§ Exercise objective: Two lines below mark the span: the one containing "Pasos para adoptar una zona verde" and the one containing "Immagine 6 di". Set down both, plus every line between, exactly as they stand, and nothing else.

┌──

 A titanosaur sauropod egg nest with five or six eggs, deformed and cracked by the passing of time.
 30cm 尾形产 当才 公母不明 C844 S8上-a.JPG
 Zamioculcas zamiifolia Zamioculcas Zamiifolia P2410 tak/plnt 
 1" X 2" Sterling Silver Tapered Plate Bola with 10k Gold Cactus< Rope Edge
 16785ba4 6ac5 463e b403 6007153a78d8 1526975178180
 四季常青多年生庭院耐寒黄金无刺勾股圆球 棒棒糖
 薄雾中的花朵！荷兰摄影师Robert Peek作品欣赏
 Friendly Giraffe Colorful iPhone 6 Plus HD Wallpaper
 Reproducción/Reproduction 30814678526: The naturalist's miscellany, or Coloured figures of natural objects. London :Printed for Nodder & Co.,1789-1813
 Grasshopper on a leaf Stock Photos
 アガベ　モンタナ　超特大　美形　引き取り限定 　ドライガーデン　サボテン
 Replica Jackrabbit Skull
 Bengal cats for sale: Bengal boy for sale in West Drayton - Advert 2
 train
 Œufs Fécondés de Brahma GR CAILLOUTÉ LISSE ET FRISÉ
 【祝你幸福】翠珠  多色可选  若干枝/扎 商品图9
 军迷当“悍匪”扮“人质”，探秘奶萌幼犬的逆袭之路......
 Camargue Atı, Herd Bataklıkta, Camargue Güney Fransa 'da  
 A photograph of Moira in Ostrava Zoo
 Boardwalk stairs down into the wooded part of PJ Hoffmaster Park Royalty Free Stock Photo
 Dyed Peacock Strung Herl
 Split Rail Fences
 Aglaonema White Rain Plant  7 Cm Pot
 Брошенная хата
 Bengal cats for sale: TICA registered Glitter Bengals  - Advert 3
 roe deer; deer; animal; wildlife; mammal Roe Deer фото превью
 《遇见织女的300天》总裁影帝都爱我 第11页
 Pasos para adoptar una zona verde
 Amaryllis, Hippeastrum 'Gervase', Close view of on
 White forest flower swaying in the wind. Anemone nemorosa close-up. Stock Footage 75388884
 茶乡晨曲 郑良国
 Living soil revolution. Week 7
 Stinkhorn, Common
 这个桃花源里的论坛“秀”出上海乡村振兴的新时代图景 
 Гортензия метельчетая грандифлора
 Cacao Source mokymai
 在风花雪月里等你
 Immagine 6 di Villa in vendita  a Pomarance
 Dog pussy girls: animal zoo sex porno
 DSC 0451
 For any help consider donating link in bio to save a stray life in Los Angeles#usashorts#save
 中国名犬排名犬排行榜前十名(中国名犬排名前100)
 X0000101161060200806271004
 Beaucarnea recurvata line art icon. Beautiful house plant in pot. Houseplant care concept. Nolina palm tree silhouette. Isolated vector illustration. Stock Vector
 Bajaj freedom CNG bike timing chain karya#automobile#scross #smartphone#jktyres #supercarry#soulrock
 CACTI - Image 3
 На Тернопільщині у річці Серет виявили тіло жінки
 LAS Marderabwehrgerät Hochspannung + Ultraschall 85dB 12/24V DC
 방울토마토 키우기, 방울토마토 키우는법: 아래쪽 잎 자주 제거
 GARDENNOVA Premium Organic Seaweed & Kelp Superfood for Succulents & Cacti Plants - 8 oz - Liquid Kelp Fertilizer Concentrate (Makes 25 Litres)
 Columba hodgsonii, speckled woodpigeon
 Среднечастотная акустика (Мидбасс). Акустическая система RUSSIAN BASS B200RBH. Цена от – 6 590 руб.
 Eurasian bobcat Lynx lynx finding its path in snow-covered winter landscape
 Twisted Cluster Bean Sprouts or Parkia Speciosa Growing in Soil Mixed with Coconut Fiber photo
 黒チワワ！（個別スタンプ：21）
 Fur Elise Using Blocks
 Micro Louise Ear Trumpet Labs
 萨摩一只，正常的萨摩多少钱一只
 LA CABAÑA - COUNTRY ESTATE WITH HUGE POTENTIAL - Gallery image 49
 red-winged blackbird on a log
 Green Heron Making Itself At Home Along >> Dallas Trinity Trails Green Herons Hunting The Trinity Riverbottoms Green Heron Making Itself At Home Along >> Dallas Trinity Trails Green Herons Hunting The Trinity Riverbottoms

└──

§ Response to the exercise:
 Pasos para adoptar una zona verde
 Amaryllis, Hippeastrum 'Gervase', Close view of on
 White forest flower swaying in the wind. Anemone nemorosa close-up. Stock Footage 75388884
 茶乡晨曲 郑良国
 Living soil revolution. Week 7
 Stinkhorn, Common
 这个桃花源里的论坛“秀”出上海乡村振兴的新时代图景 
 Гортензия метельчетая грандифлора
 Cacao Source mokymai
 在风花雪月里等你
 Immagine 6 di Villa in vendita  a Pomarance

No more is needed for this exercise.